Starting at the top of the entries below, print each line exactly until the line with "#ad 1998 Starting" has been printed too.

[[ DATASET CONTENT open ]]

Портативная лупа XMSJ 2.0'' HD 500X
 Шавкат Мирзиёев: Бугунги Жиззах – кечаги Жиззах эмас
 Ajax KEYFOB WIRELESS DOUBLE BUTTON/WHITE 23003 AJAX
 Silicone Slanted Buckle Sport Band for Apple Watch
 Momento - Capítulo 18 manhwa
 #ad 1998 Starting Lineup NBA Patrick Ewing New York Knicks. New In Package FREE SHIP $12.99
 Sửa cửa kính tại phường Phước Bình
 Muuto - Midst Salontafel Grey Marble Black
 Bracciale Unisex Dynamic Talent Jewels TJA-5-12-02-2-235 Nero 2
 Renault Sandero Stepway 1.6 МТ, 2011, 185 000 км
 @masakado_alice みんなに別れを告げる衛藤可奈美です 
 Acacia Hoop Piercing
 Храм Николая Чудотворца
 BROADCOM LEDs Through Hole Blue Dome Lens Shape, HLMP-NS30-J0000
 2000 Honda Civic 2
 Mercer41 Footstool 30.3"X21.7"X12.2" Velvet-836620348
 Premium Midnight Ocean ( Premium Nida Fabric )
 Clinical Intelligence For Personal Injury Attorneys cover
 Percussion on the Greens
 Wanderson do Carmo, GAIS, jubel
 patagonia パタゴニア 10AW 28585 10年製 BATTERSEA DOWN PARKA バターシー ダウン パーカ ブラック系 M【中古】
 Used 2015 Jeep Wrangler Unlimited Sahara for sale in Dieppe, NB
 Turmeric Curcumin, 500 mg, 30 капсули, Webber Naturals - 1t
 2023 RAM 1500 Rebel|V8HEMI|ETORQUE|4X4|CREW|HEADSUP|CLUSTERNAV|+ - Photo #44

[[ DATASET CONTENT closed ]]

### RESULT OF THIS EXERCISE
Портативная лупа XMSJ 2.0'' HD 500X
 Шавкат Мирзиёев: Бугунги Жиззах – кечаги Жиззах эмас
 Ajax KEYFOB WIRELESS DOUBLE BUTTON/WHITE 23003 AJAX
 Silicone Slanted Buckle Sport Band for Apple Watch
 Momento - Capítulo 18 manhwa
 #ad 1998 Starting Lineup NBA Patrick Ewing New York Knicks. New In Package FREE SHIP $12.99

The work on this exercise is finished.